= Bertha Henry Buxton =

English novelist and children's author

Bertha Henry Buxton (26 July 1842 – 1881) was an English novelist and children's author.

==Early years==
Bertha Henry Leupold was born in Bremen Germany on 26 July 1842, and when only a girl of eleven years amused herself by writing stories for her schoolfellows at Queen's College, Tufnell Park, London. Both her parents were Germans. Her father, William Leupold (sometimes spelt Leopold), was a London merchant, her mother being Madame Therese Leupold, well known in musical circles, and with them she travelled in America, Germany, and Holland during her fourteenth and fifteenth years.

==Career==
At eighteen, she married Henry Buxton, a merchant, but still pursued her literary work as an amusement, translating a German operetta into English, and writing a modest one-volume novel, published at her husband's expense, under the title of Percy's Wife. After fifteen years of marriage he became bankrupt and deserted her and her children.

In 1875, she suddenly found herself poverty-stricken, and, becoming entirely dependent on her own exertions, she turned to writing for a living. In 1876 appeared her novel, Jennie of the Prince's, by B. H. B. dealing with theatrical life, which she had studied as a walking lady on the stage at Exeter. The book was a success. She wrote a serial for the World during the following year, bringing out during the same period Won! By the Author of "Jennie of the Prince's", and a story for children entitled Rosabella, published under the name of Auntie Bee. From this period she wrote under her own name, and the following Christmas brought out another child's book, entitled More Dolls, illustrated by Mr. T. D. White, and dedicated to the Princess of Wales.
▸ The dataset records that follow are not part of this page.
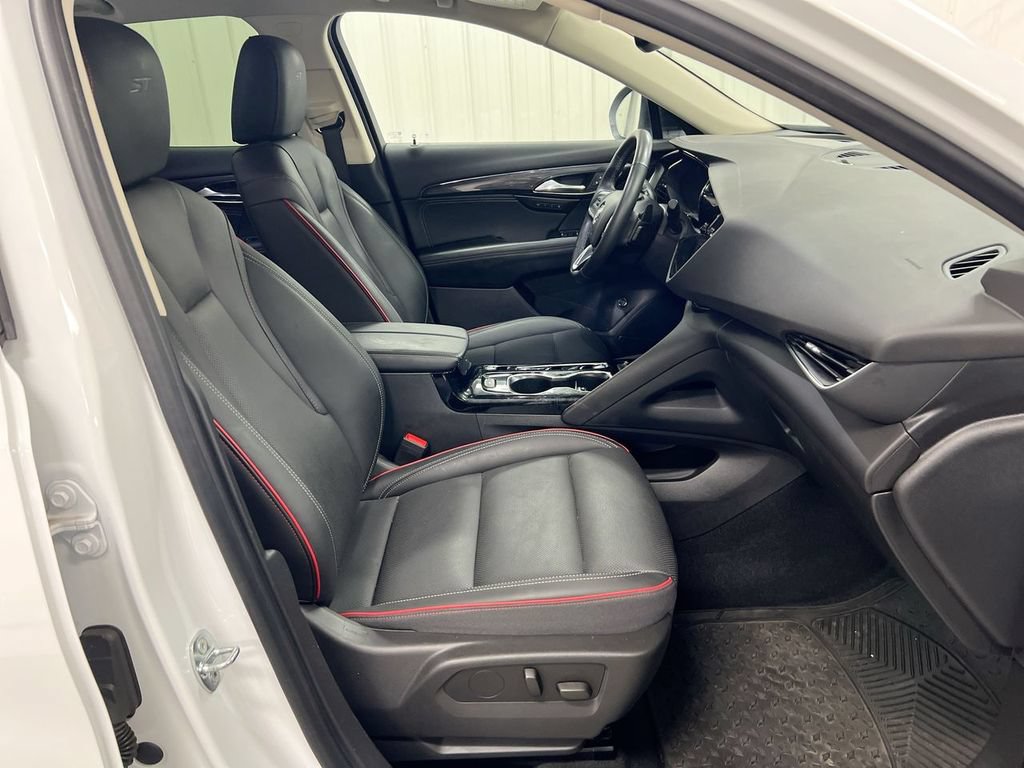 Used 2022 Buick Envision Essence w/ Sport Touring Package FWD image 21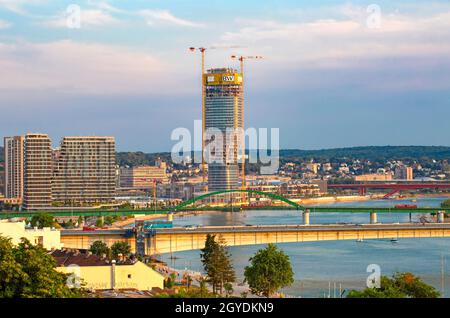 Belgrad, Serbien - 16. Juli 2021: Blick von Belgrad auf die Brücken am Fluss Sava Stockfoto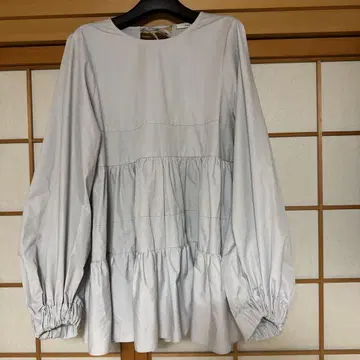 yori 티어드 롱 블라우스 그레이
Shortly afterwards, Buxton met with an accident which rendered work impossible. Somewhat recovering, she produced Fetterless though Bound together (1879); Great Grenfell Gardens (1879); Nell—On and Off the Stage; and From the Wings (1880). The last two novels first appeared in Tinsley's Magazine. Her other books were Many Loves (1880), Little Pops, a nursery romance (1881), and Sceptre and King (1881). In collaboration with blind author William Willhem Fenn, she brought out Oliver Gay, a Rattling Story of Field, Fright, and Fight, in 1880, and a tale called A Noble Name in a volume published by him in 1883.

She died very suddenly from heart disease, at Claremont Villa, 12 St. Mary's Terrace, Kensington, London, on 31 March 1881.